## Problem requirements
Everything from the line that contains "Suraj Vijayan's Boot.dev" to the final line of the data, both ends included, must be set down exactly, apart from the pictures.

## Available data
● ● ● ● ● ● ●

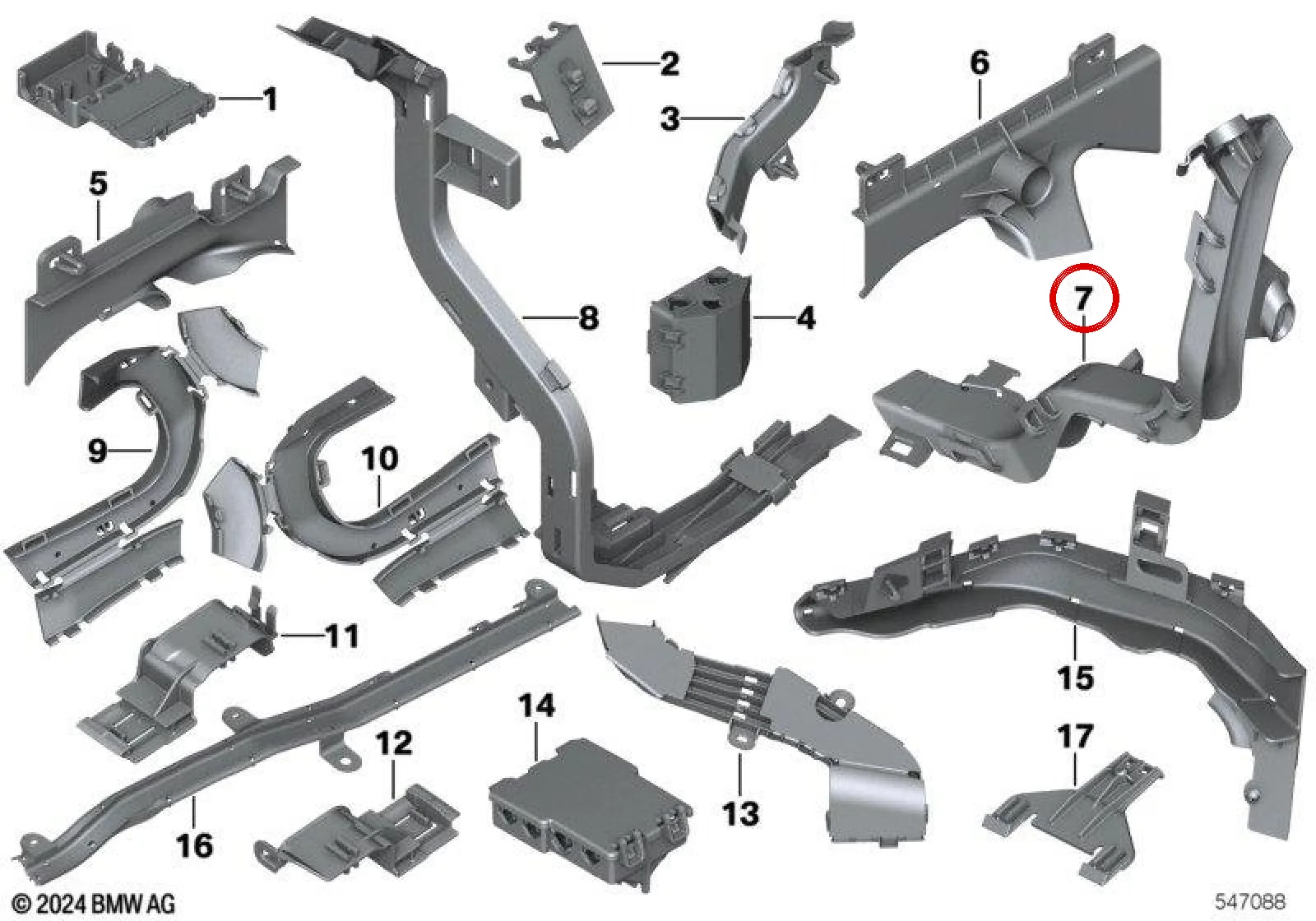 BMW F20 F21 F22 F23… Kablo Demeti Koruma Kanalı 61139236434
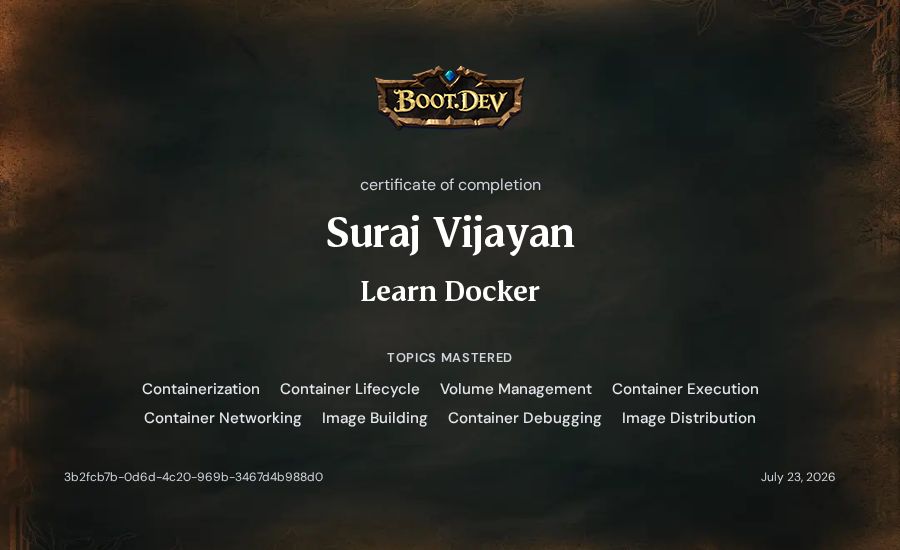 Suraj Vijayan's Boot.dev Learn Docker certificate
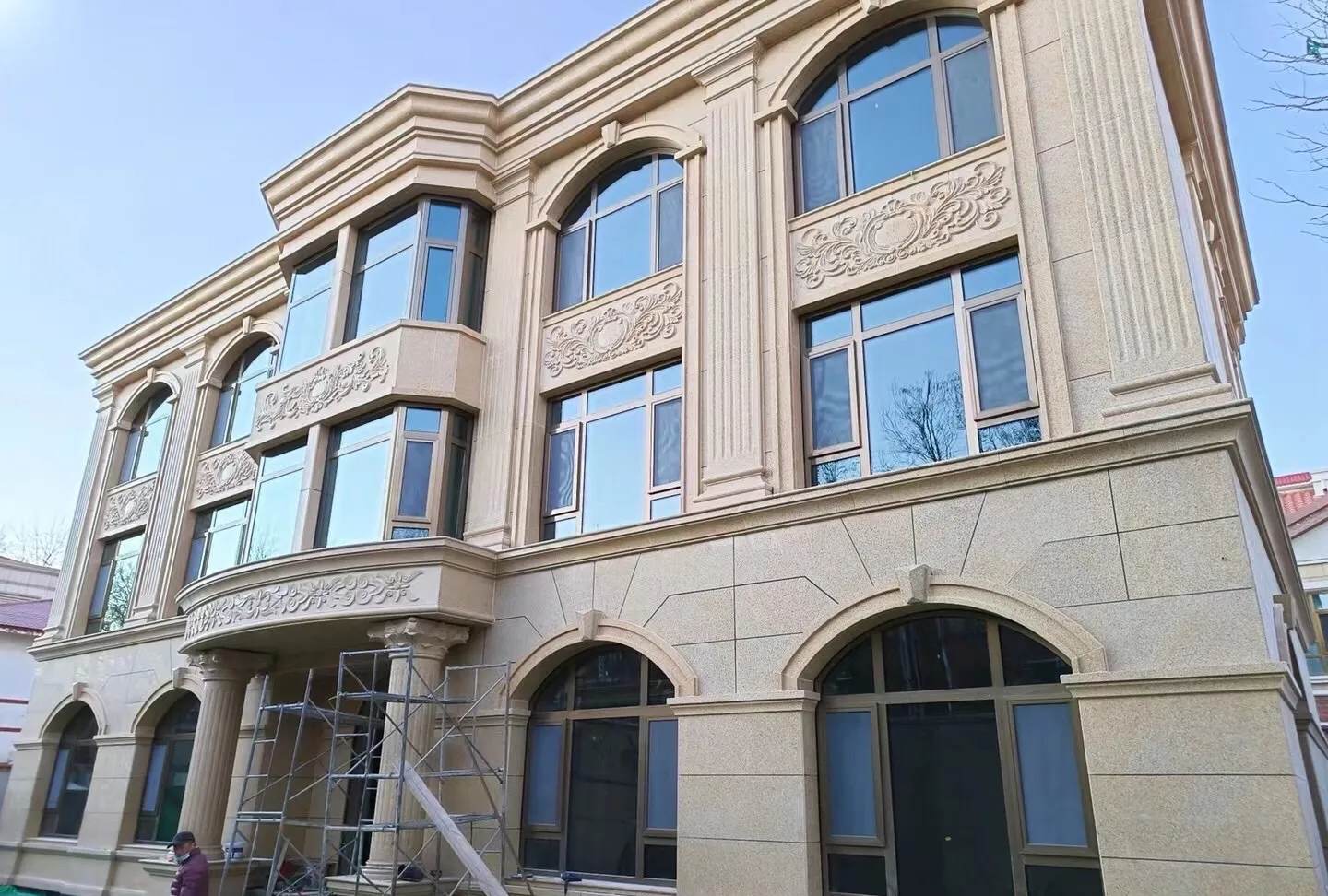 常德 黄金麻花岗岩别墅外墙干挂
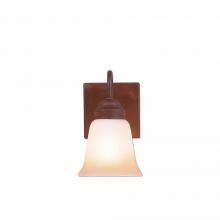  H14101TT-02 - Wasatch Single Sconce - Rustic Plain - Two-Toned Amber Cream Bell Glass - Rust Patina Finish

● ● ● ● ● ● ●

## Answer to this problem
 Suraj Vijayan's Boot.dev Learn Docker certificate
 常德 黄金麻花岗岩别墅外墙干挂
  H14101TT-02 - Wasatch Single Sconce - Rustic Plain - Two-Toned Amber Cream Bell Glass - Rust Patina Finish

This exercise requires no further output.